"S. L. Viehl - Red Branch" - читать интересную книгу автора (Viehl S. L)

1


Red Branch


by S.L. Viehl


I didn’t like waking up with a three hundred pound merc sitting on me
and holding a knife to my throat. Even if I had foreseen it the night before.
“Got yer tension now, do we?” The weighty, smelly human tucked the
edge of his blade a little higher up under my chin, scraping off some skin in the
process. “Be gibbin us ‘at web we bin wannin, eh?”
One of Ferboil Danu’s men. They never bathed, and wore badly-cured
skins of animals over their tunicas. This one appeared uniformly coated with
dirt and sported the furs from a dozen snow rabbits.
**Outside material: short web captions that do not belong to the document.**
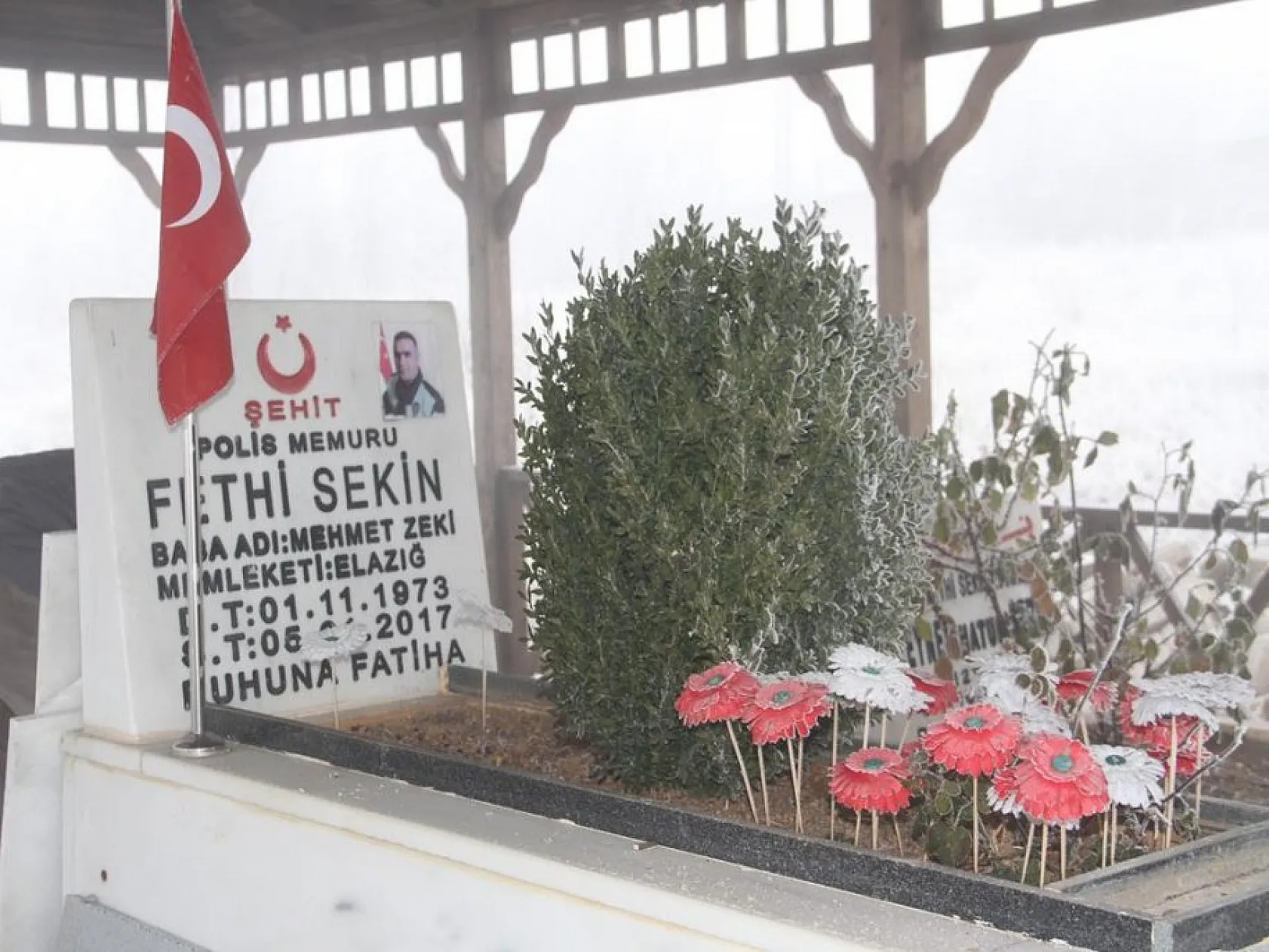 Şehit Fethi Sekin'in doğup büyüdüğü köy evi ilk kez görüntülendi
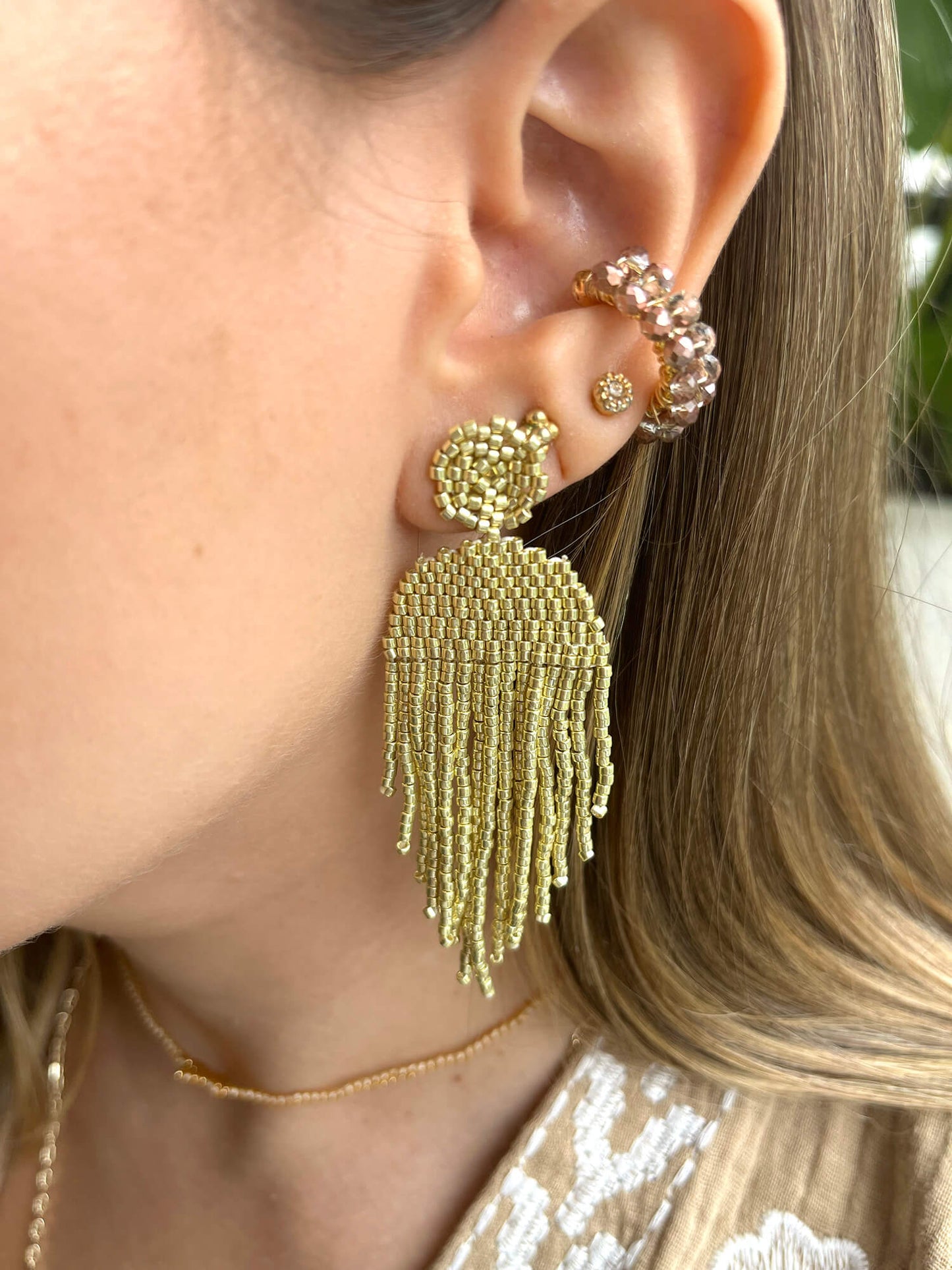 Aretes Amanecer Dorado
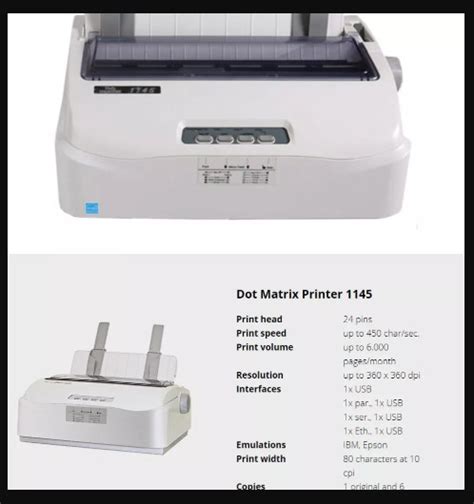 Jual Printer Tally Dascom Cps Pin Dot Matrix Jakarta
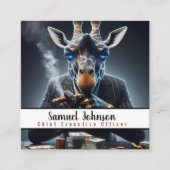 Führungskraft Funny CEO Chief Führungskraft Office Quadratische Visitenkarte (Vorderseite)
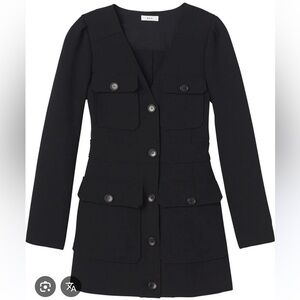 A.L.C. Iris Crepe Tailored Mini Dress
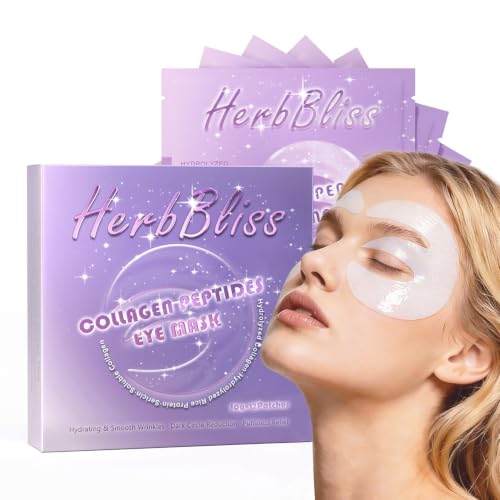 HerbBliss Collagen Retinol Hydrogel Eye Patches - Hydrating 12 Pairs - Variation of 12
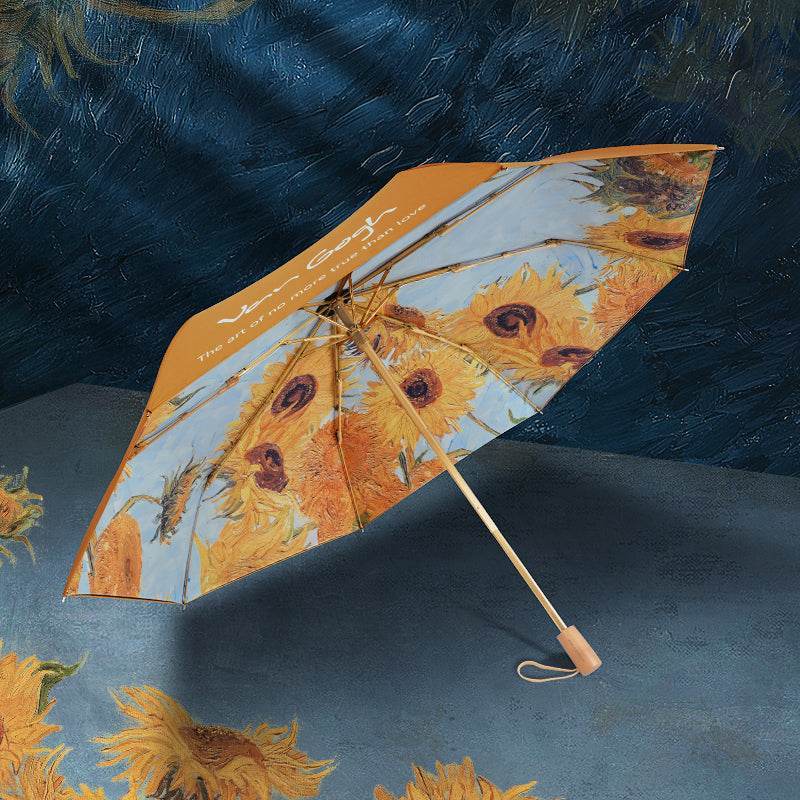 Casualruby©Double-sided Van Gogh Sunflowers Umbrella - Casualruby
The poor things had
probably smelled him approaching and expired on the spot.
Still, he had captured my attention, and I was in the mood to be
charitable. “Get off, rot breath, and I’ll let you live.”
Blood ran down the sides of my neck as the blade bit deeper. “I gots the
steel here, spinner.”
He was too dumb to be a messenger, really, but Ferboil must have
figured on me killing whoever he sent. “You have five seconds.” I yawned.
“Four.”
He lifted up, angling the knife so that the point rested against my pulse
vein. “Marsta Danu wans a web.”
“Three.” I glanced at the window. It was barely dawn. I might have to
hunt down Ferboil just for waking me up before noon. “Two.”
“I said – ”
“Time’s up.” I spit in his eyes and slammed my cupped palms against his
ears. At the same time, I hit his hand with my chin and drove my knee up into
his groin. He screamed, fell back, and the knife slipped onto the bed.
The root I’d chewed before going to sleep lent a temporary acidity to my
saliva, which had no effect on me but was quite corrosive to the merc’s human
eyes. It also saved me from wasting my poisons on a moron. I kicked him to
the floor, stretched, and then retrieved the knife. It was as filthy as my attacker,
so I’d have to remember to clean my neck wound well. I tucked it in my
armband and went to the fireplace to start brewing my morning tea.
“Whaddaya done?” the behemoth shrieked, clawing at his eyes with both
hands. “Blinded me! Yer blinded me!”
Someone pounded at the door. “Spinner?”
2


It was Kerdup, the innkeeper. I sighed as I went over and saw that my
latest victim had practically hacked the door latch to pieces getting in.
Humans. I tugged at the remnants. “Yes?”
Kerdup looked a bit like a nest weasel, minus the handsome parts.
“What’s all this noise about, then?” He was about as shrill, too.